I know this is a diesel area but my ECO MT will idle either at 900 or 700 RPM. I haven't figured out the rhyme or reason for the selection - it's not related to the A/C or any other obvious power draw.


----------



## Gator (Jul 14, 2013)

Just wondering car was at dealer for 3 weeks and I forget the normal idle of it 800 to 900 seems a little high.


----------



## obermd (Mar 3, 2012)

When I said either 700 or 900 RPM for idle, I mean 700 or 900. Nothing below, above, or in-between. The only time I've seen anything other than these two numbers (as read from the tach) was right before I had the PCV valve/camshaft cover replaced.


----------



## Gator (Jul 14, 2013)

yes I knew that's what you meant. 800 is probably normal for mine just want to be sure.
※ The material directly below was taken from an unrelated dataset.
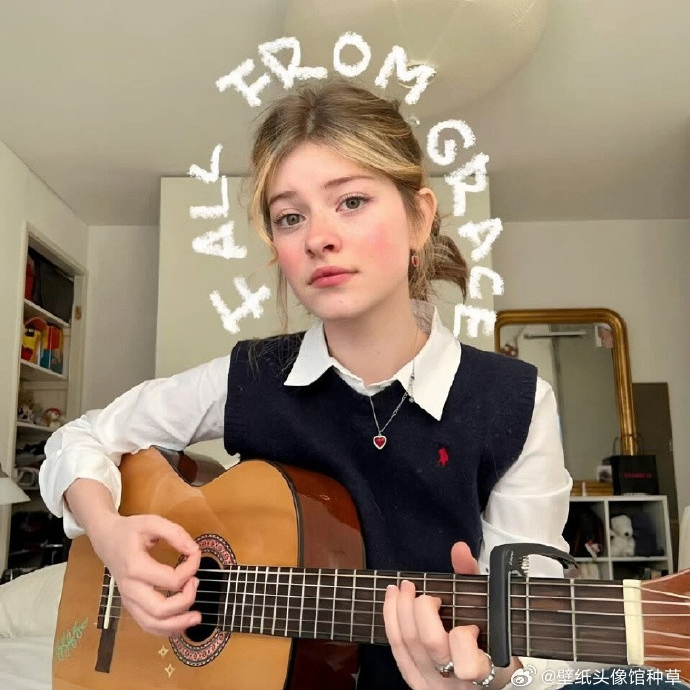 ChloeScarlett (uytretgiu33.lens) Lens social identity (.lens handle) PFP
The car runs great just cant seem to get the fuel mileage I was consistently getting before. 53000 miles on it now.


----------



## revjpeterson (Oct 2, 2013)

800 sounds about right to me. I'm driving the Jeep right now due to the snow we're getting, but I think that's where my Diesel usually idles. If I remember correctly, last time I had the torque app hooked up, the digital RPM readout was something like 825 (varying between 819-835). 
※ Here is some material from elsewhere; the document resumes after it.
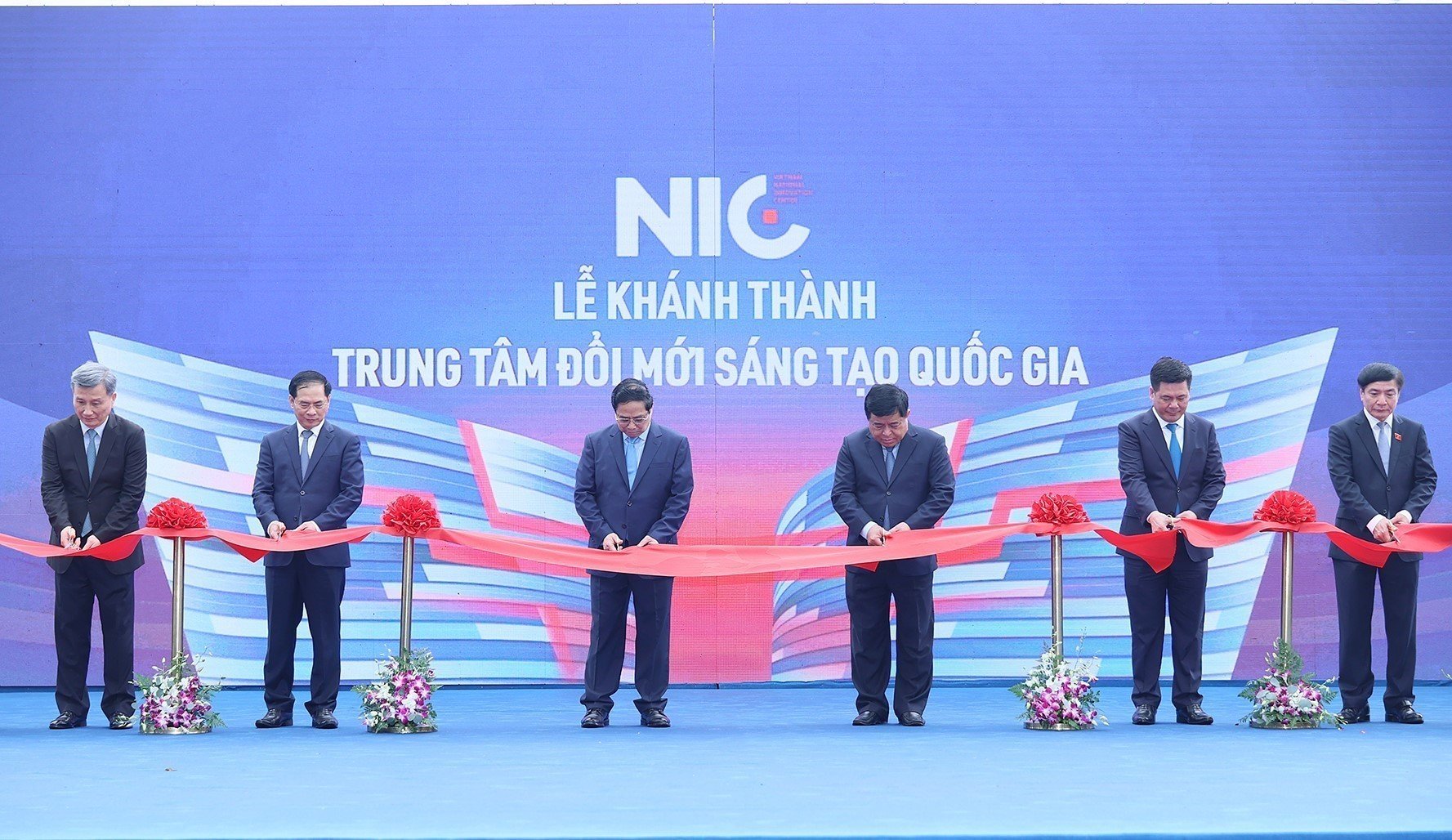 Việc khánh thành Trung tâm Đổi mới sáng tạo Quốc gia là một sự kiện có ý nghĩa hết sức quan trọng trong việc thúc đẩy hoạt động đổi mới sáng tạo tại Việt Nam. Ảnh: Thế Đại.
After my EGR was replaced (related to P0133 code), I saw my fuel economy go up by 2 mpg.


----------



## obermd (Mar 3, 2012)

I doubt the EGR replacement will impact fuel economy that much. Are you running different tires? Are the tire pressures lower than before? - many dealerships will "help" you by dropping tire pressure to the door placard or in some cases, 30-32 PSI because that's what most people expect to run. Has the temperature dropped so that daily highs are below 40F? Winter fuel can also make a difference.
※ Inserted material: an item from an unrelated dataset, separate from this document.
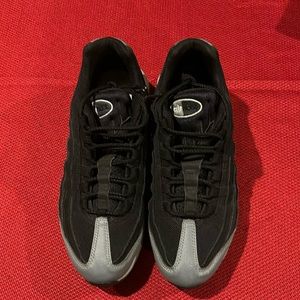 Nike Air Max 95’s Size 9 Color Black and Grey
I'm just taking guesses at this point as to why your fuel economy has dropped. We know from experience that the Cruze, both gas and diesel trims, experiences anywhere from a 10 to 20 percent drop in fuel economy in the winter.


----------



## Merc6 (Jun 8, 2013)

obermd said:


> I doubt the EGR replacement will impact fuel economy that much. Are you running different tires? Are the tire pressures lower than before? - *many dealerships will "help" you by dropping tire pressure to the door placard or in some cases, 30-32 PSI because that's what most people expect to run. * Has the temperature dropped so that daily highs are below 40F? Winter fuel can also make a difference.
> 
> I'm just taking guesses at this point as to why your fuel economy has dropped. We know from experience that the Cruze, both gas and diesel trims, experiences anywhere from a 10 to 20 percent drop in fuel economy in the winter.


Yeah my 45 PSI will be 32 when I get my car back.


----------



## revjpeterson (Oct 2, 2013)

I always have that too. I take it in to the dealer with 44psi in the tires and when I get home it's 35.


----------



## Robby (Mar 1, 2013)

To those running higher than door post pressure.......When you leave your car for service remember to tell the writer what tire pressure you prefer......or ask that it not be altered.

It is usual and customary (and professional) to set tire pressure at specification written on the label if there are no additional instructions to the tech.

Rob


----------



## KpaxFAQ (Sep 1, 2013)

800rpm is normal for a warm diesel. Mine starts around 1000 when cold then goes to 800.


----------



## Gator (Jul 14, 2013)

Same tires, lower PSIs but as I stated we had the worst winter last year and I still got 700 miles plus to a tank of diesel. The outside temp is just in the thirtys. My DIC says 50 plus MPGs but I'm not getting that. Its only been two tanks since they replaced it(EGR VALVE). See what happens on the third. I will keep you guys updated.


----------



## plasticplant (Mar 26, 2013)

KpaxFAQ said:


> 800rpm is normal for a warm diesel. Mine starts around 1000 when cold then goes to 800.


Spot on.


----------



## q2bruiser (Jun 8, 2014)

KpaxFAQ said:


> 800rpm is normal for a warm diesel. Mine starts around 1000 when cold then goes to 800.


Mine runs about 850 when warm.


----------



## Gator (Jul 14, 2013)

ok thanks for all the replies


----------



## diesel (Jun 8, 2013)

I just looked yesterday - it was at 850


----------